→ **Extracted data**:
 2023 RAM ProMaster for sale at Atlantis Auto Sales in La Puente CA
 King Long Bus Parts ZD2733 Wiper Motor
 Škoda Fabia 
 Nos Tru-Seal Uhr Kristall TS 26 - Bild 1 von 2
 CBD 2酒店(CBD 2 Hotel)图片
==
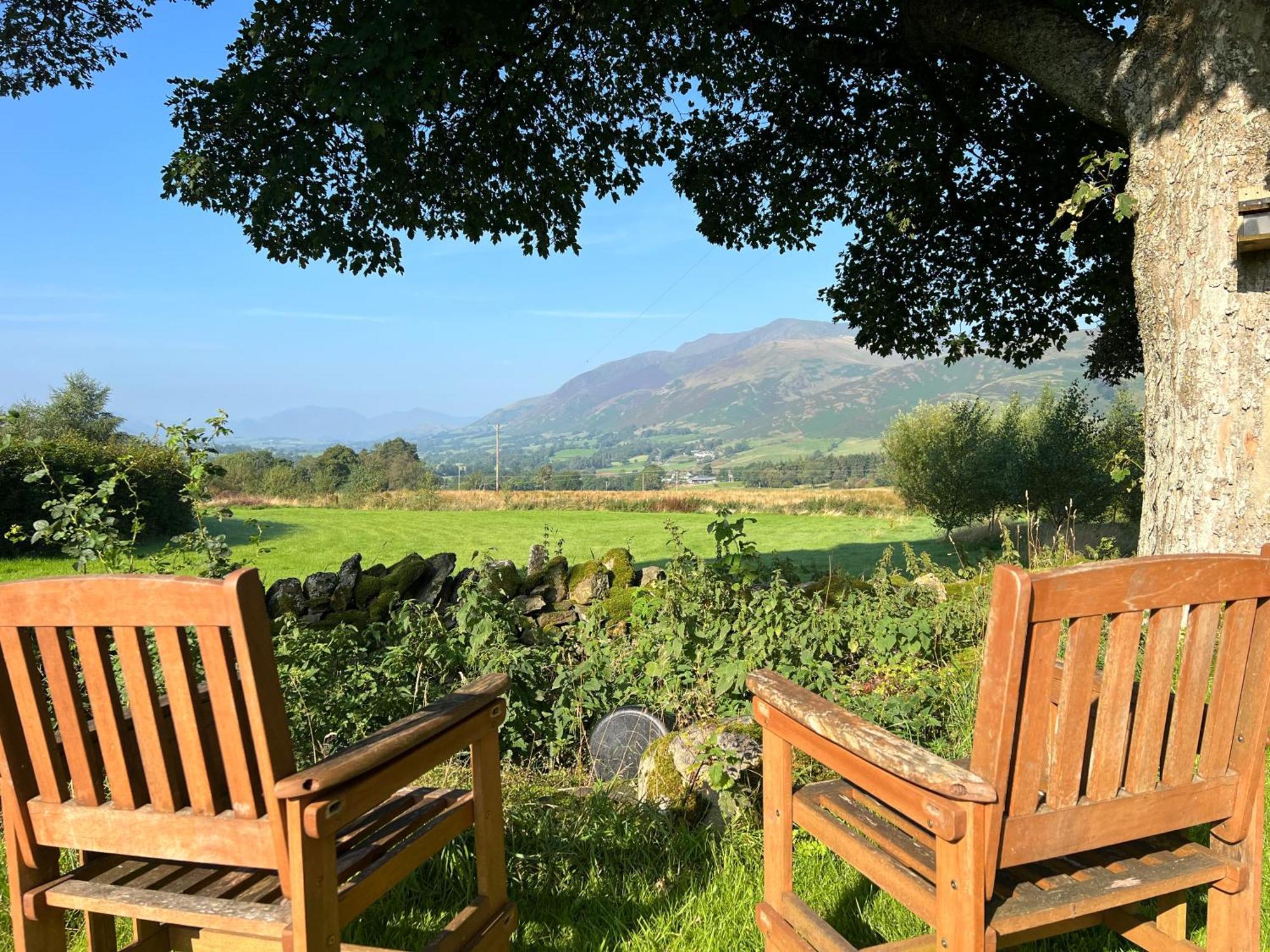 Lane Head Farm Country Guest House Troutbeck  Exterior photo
==
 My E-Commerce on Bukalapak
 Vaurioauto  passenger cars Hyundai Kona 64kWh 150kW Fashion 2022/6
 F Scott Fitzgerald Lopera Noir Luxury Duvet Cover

→ **Problem statement**:
Write down, word for word, the lines above from the one containing "2023 RAM ProMaster" through the one containing "CBD 2酒店(CBD 2 Hotel)图片", both ends included.

→ **Written answer**:
 2023 RAM ProMaster for sale at Atlantis Auto Sales in La Puente CA
 King Long Bus Parts ZD2733 Wiper Motor
 Škoda Fabia 
 Nos Tru-Seal Uhr Kristall TS 26 - Bild 1 von 2
 CBD 2酒店(CBD 2 Hotel)图片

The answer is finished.